SECURED PARTY: SILICON VALLEY BANK
Debtor hereby grants Secured Party a security interest in all of the
following, whether now owned or hereafter acquired, and wherever located, as
collateral for the payment and performance of all present and future
indebtedness, liabilities, guarantees and obligations of Debtor to Secured
Party: All "accounts," "general intangibles," "contract rights, ""chattel
paper," "documents," "letters of credit," "instruments," "deposit accounts,"

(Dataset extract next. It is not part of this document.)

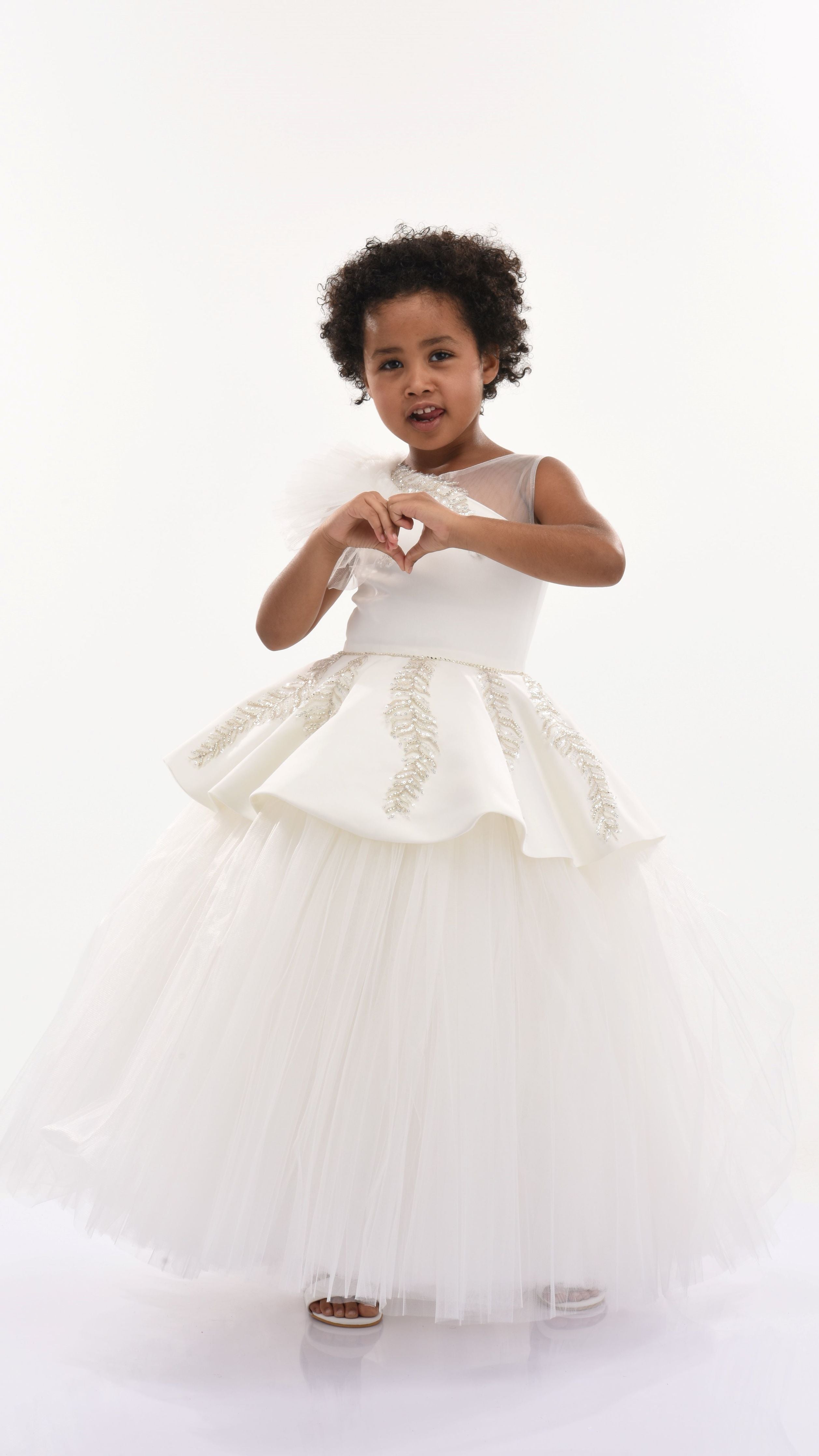 White Villanova Embroidered Tiered Dress 6Y / White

"inventory," "farm products," "fixtures," "investment property," and
"equipment," as such terms are defined in Division 9 of the California Uniform
Commercial Code in effect on the date hereof, and all products, proceeds and
insurance proceeds of any or all of the foregoing. Notwithstanding the
foregoing, the Collateral shall not be deemed to include any copy rights,
patents, trademarks or other intellectual property of the Debtor (collectively
"IP"); provided, that the Debtor shall not pledge or otherwise grant a security
interest in the IP to any third party.